On Tuesday, the Senate elected not to move forward with the House’s plan to implement what lawmakers call the INSPIRE Act, a funding formula that would move the state away from the oft-criticized Mississippi Adequate Education Program (MAEP) which has only been fully funded three times since its inception in 1997.

Senate Education Committee Chair Dennis DeBar, R-Leaksville, motioned to neither send an amended version of the legislation back to the House nor to further the discussions in conference. Instead, the Senate proposed a different set of bills to provide an additional $206 million to K-12 public schools and $50 million for teacher pay raises while keeping the MAEP intact. Another $50 million is intended to go toward raising the pay of personnel at Mississippi community colleges and public universities.

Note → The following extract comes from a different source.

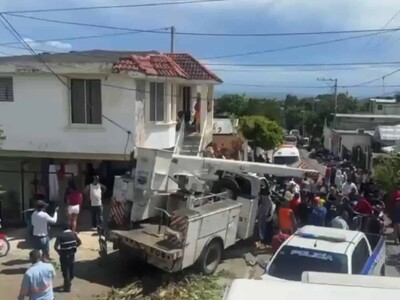 Grúa presuntamente sin frenos provoca muerte de mujer en Santiago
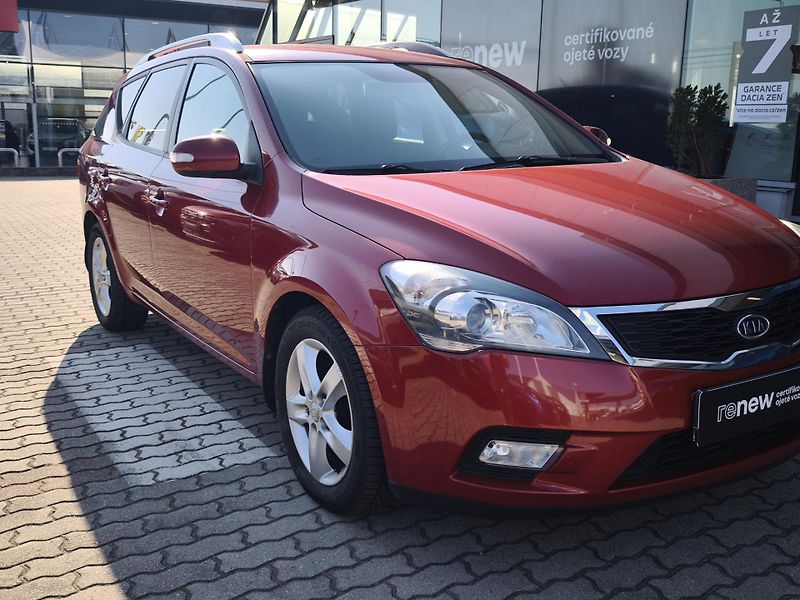 Kia Ceed 2011 ČR 1.6 CRDi 85kW  - fotka 17 z 33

In a press release, Lt. Gov. Delbert Hosemann made assurances that he is not against modifying or moving away from the MAEP. However, he is not willing to jump the gun on any drastic shift without additional conversations with education leaders and parents.

“We are not married to the current formula. We do, however, believe any appropriation as significant as that which funds our school systems should be vetted and discussed with stakeholders including parents, educators, and the public at large,” Hosemann’s official statement reads. “Studying the issue together, in connection with the Department of Education and our new superintendent, will hopefully result in a new, long-term sustainable formula both chambers can agree on which is good for students and schools.”

First-year House Speaker Jason White was not as gung-ho over the Senate’s decision to kill both the INSPIRE Act and their own proposal to slightly modify and fully fund MAEP as his cross-chamber counterparts were. As a longtime advocate for a new funding formula, White believes he and his fellow representatives were slighted by not being given the chance to openly discuss the matter in conference.

White’s office released the following statement:

“Today, the Senate took an active role to deny an increase of more than $250 million to Mississippi’s K-12 public education system. The House has been willing and open to work with the Senate on their suggestions to move away from the archaic MAEP formula and build a formula that is equitable, fair, and student-centered.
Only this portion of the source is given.